═════ DATA EXCERPT ═════
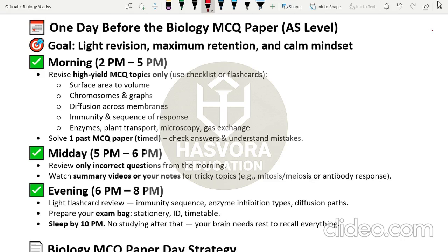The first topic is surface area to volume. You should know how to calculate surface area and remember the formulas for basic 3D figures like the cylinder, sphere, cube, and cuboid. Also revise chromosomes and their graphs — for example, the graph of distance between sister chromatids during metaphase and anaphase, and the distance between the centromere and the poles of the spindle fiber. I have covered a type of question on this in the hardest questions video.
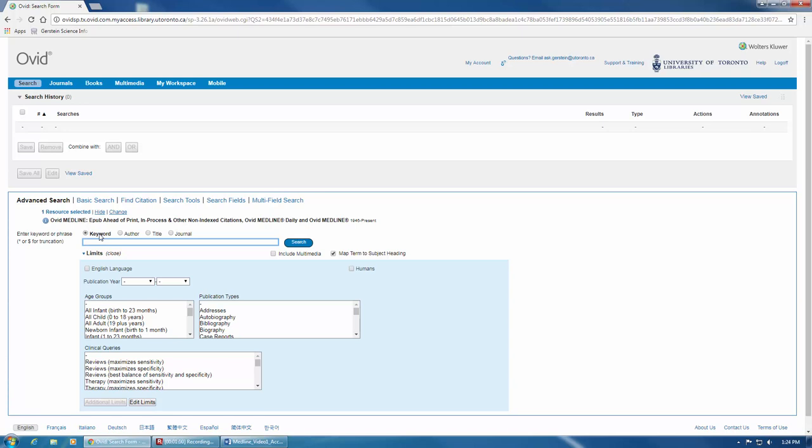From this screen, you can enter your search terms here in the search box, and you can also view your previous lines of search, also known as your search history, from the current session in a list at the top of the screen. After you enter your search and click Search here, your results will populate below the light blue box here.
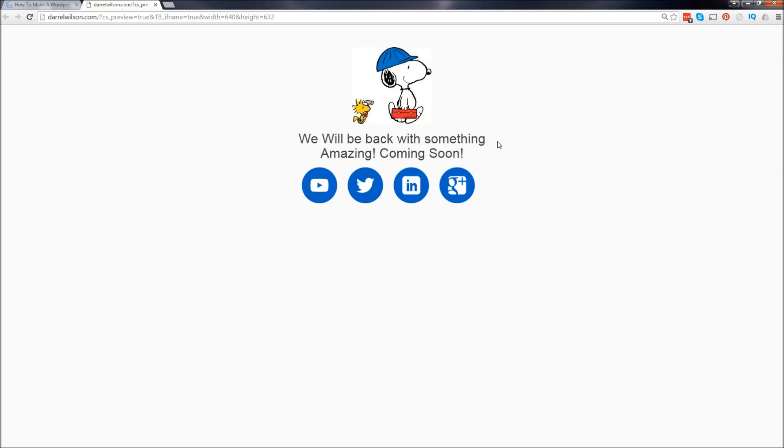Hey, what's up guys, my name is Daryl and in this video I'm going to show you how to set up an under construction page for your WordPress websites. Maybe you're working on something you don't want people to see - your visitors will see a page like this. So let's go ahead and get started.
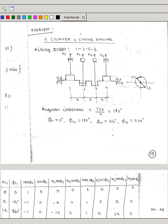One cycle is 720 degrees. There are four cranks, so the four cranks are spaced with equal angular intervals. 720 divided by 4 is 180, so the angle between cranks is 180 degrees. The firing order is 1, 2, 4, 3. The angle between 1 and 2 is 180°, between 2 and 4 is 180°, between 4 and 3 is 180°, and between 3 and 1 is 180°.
═════
TASK GOAL — Every line of the material must be reproduced verbatim; the pictures are to be omitted.

COMPLETED TASK —
The first topic is surface area to volume. You should know how to calculate surface area and remember the formulas for basic 3D figures like the cylinder, sphere, cube, and cuboid. Also revise chromosomes and their graphs — for example, the graph of distance between sister chromatids during metaphase and anaphase, and the distance between the centromere and the poles of the spindle fiber. I have covered a type of question on this in the hardest questions video.
From this screen, you can enter your search terms here in the search box, and you can also view your previous lines of search, also known as your search history, from the current session in a list at the top of the screen. After you enter your search and click Search here, your results will populate below the light blue box here.
Hey, what's up guys, my name is Daryl and in this video I'm going to show you how to set up an under construction page for your WordPress websites. Maybe you're working on something you don't want people to see - your visitors will see a page like this. So let's go ahead and get started.
One cycle is 720 degrees. There are four cranks, so the four cranks are spaced with equal angular intervals. 720 divided by 4 is 180, so the angle between cranks is 180 degrees. The firing order is 1, 2, 4, 3. The angle between 1 and 2 is 180°, between 2 and 4 is 180°, between 4 and 3 is 180°, and between 3 and 1 is 180°.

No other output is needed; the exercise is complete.